_INSTRUCTIONS TO FOLLOW_
Transcribe every line of the material below exactly, leaving out the pictures.

_INFORMATION SHOWN_
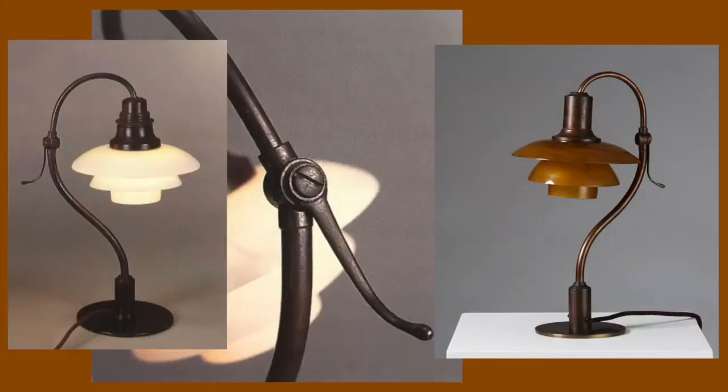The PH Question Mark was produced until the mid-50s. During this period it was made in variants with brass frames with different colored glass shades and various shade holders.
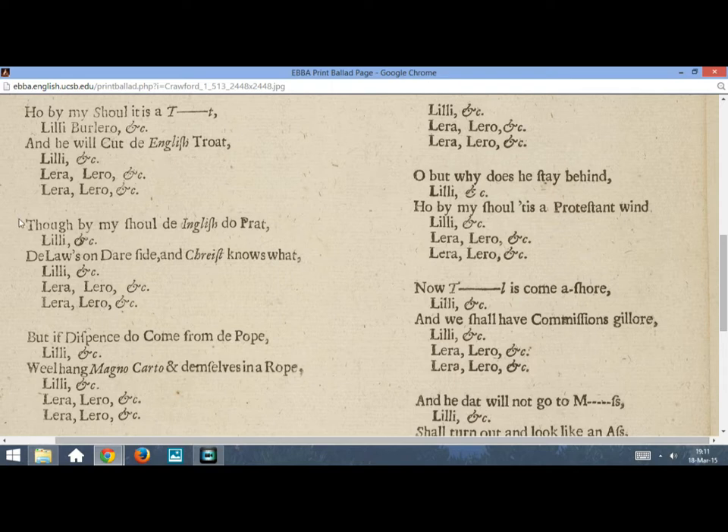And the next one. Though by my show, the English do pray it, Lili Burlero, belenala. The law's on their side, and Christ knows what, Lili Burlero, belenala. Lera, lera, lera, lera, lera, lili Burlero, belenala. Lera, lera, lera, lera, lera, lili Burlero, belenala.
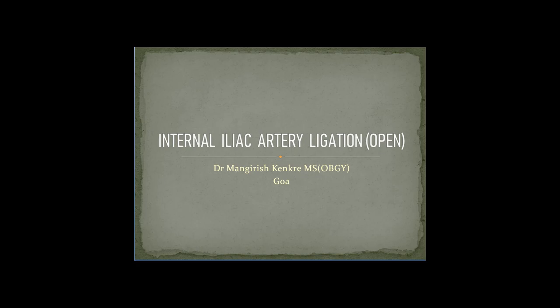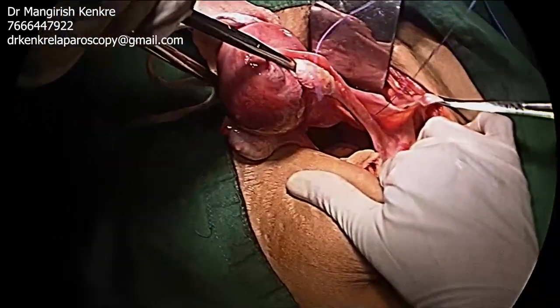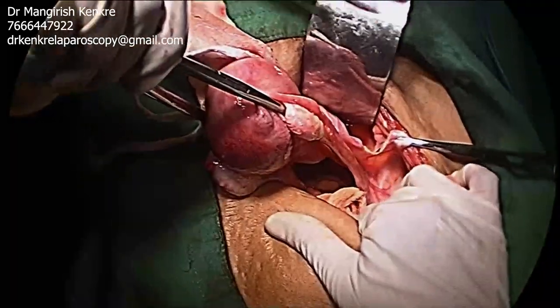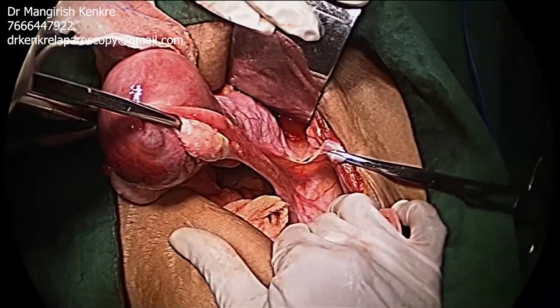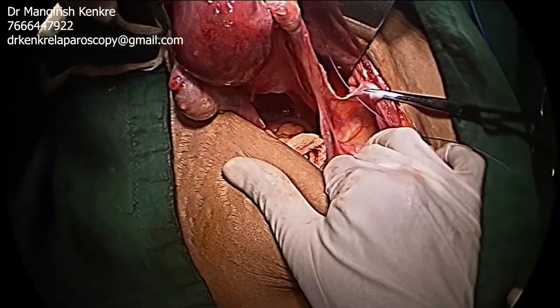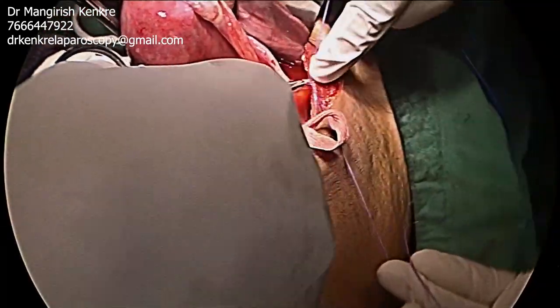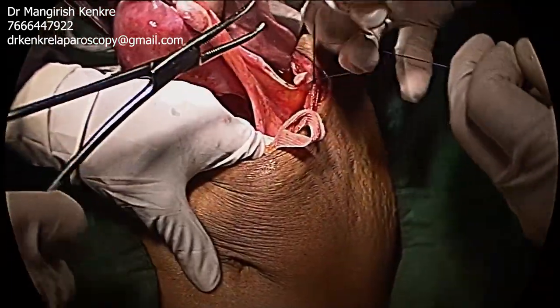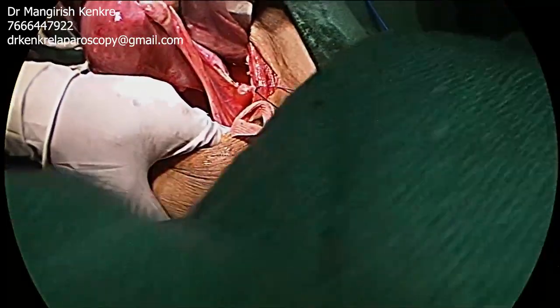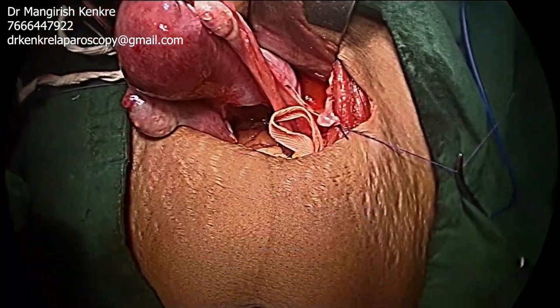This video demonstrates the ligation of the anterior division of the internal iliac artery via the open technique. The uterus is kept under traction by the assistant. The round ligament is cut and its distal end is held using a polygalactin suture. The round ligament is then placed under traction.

_RESPONSE AREA_
The PH Question Mark was produced until the mid-50s. During this period it was made in variants with brass frames with different colored glass shades and various shade holders.
And the next one. Though by my show, the English do pray it, Lili Burlero, belenala. The law's on their side, and Christ knows what, Lili Burlero, belenala. Lera, lera, lera, lera, lera, lili Burlero, belenala. Lera, lera, lera, lera, lera, lili Burlero, belenala.
This video demonstrates the ligation of the anterior division of the internal iliac artery via the open technique. The uterus is kept under traction by the assistant. The round ligament is cut and its distal end is held using a polygalactin suture. The round ligament is then placed under traction.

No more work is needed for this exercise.